GeoPy is a geocoding utility, not an address parser/standardizer. LiveAddress API is, however, and can also verify the validity of the address for you, filling out the missing information. You'll find that services such as Google and Yahoo approximate the address, while a CASS-Certified service like LiveAddress actually verify it and won't return results unless the address is real.
After doing a lot of research and development with implementing LiveAddress, I wrote a summary in this Stack Overflow post. It documents some of the crazy-yet-complete formats that addresses can come in and ultimately lead to a solution for the parsing problem (for US addresses).

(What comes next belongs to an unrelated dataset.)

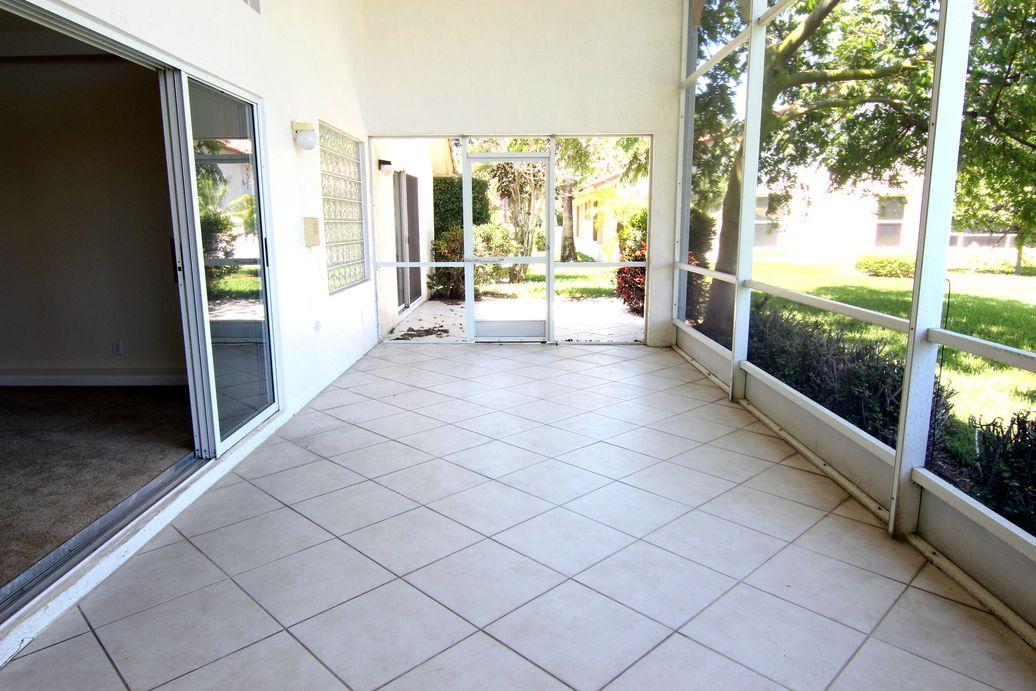 7409 Falls Road West Boynton Beach, FL 33437 - Photo 13 of 19 4D_IMG_2708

To parse a single-line address into components using Python, simply put the entire address into the "street" field:
import json
import pprint
import urllib
LOCATION = 'https://api.qualifiedaddress.com/street-address/'
QUERY_STRING = urllib.urlencode({ # entire query sting must be URL-Encoded
'auth-token': r'YOUR_API_KEY_HERE',
'street': '1 infinite loop cupertino ca 95014'
})
URL = LOCATION + '?' + QUERY_STRING
response = urllib.urlopen(URL).read()
structure = json.loads(response)
pprint.pprint(structure)
The resulting JSON object will contain a components object which will look something like this:
"components": {
"primary_number": "1",
"street_name": "Infinite",
"street_suffix": "Loop",
"city_name": "Cupertino",
"state_abbreviation": "CA",
"zipcode": "95014",
"plus4_code": "2083",
"delivery_point": "01",
"delivery_point_check_digit": "7"
}
The response will also include the combined first_line and delivery_line_2 so you don't have to manually concatenate those if you need them. Latitude/longitude and other information is also available about the address.